The Office of Fair Trading (OFT) has stated that the unrestricted rights of lenders to vary interest rates at will for those who are locked into loans is unacceptable and has issued guidelines on how the Unfair Terms in Consumer Contracts Regulations 1999 apply to interest variation terms.
Commenting on the announcement, John Bridgeman director-general of the OFT, said: “It is unacceptable for banks and building societies to vary interest rates uncompetitively for savers and borrowers that are locked into accounts.”
Under the new guidelines, the OFT has stated that unrestricted interest variation terms are not acceptable where there is a requirement to pay an early repayment charge. Rate variations will only be permissible if they are linked to an external rate outside the control of the lender.

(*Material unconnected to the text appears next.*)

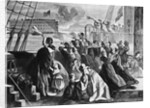 Women And Children Waving Goodbye by Anonymous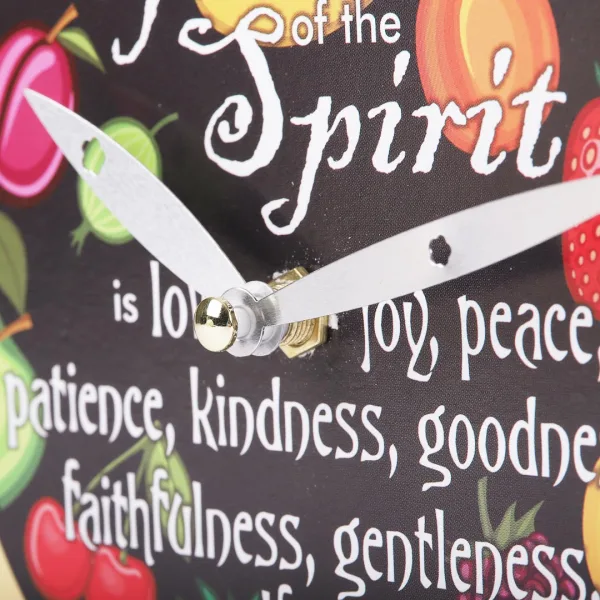 Wall Clock Fruit Of The Spirit- Swanson Christian Products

Bridgeman said that this was particularly relevant to borrowers in the sub-prime market.
“Non-status borrowers are particularly vulnerable to interest rates that go up but do not come down, especially when they are combined with unaffordable exit charges. Many of these people are not in a position to shop around for better deals because they have poor credit ratings.”

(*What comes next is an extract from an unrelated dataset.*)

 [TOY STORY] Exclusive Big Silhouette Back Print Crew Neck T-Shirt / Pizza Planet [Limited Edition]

However, Ray Boulger, technical director at John Charcol, says that while this move addresses the issues of future borrowers, it does not help people currently locked into loans.
He said: “Because the OFT requirements apply from now on, there is no requirement for lenders to pull down rates that are stuck at a high level.”
He added that problems could arise if rates were to fall again.
“When the bank base rate fell from 5.5% to 5%, most lenders only reduced the SVR from 6.99% to 6.89%. It would appear from the OFT that when they fall again, any borrower with a lock-in will have to be given the full benefit of cuts even if the SVR does not drop for other customers.”
This, he said, would essentially introduce a two-tier rating system that would inevitably cause controversy.
However, Sue Anderson, external affairs manager for the CML, says that this issue has, to a certain extent, been overemphasised as most lenders do not practice like this. She said: “All these guidelines do is clarify the view of the OFT.”
Most sub-prime lenders set their rates at a percentage over Libor and, as a result, control rates with an external index. Others such as igroup link it to a major lender’s SVR.
Jonathan Sadler, associate director of sales and marketing for the lender, says: “We link our SVR to NatWest which mirrors bank base rate. From 3 April, all loans will be linked to Barclay’s base rate.”
igroup uses this mechanism as it does not think Libor is fair.
“Libor is not transparent to consumers. It is designed as a mechanism for banks to direct transactions and for a consumer it is hard to understand what this is,” says Sadler.
Bristol & West uses its own SVR, but on all its mortgages it has a commitment that this will never rise more than 2.5% over bank base rate.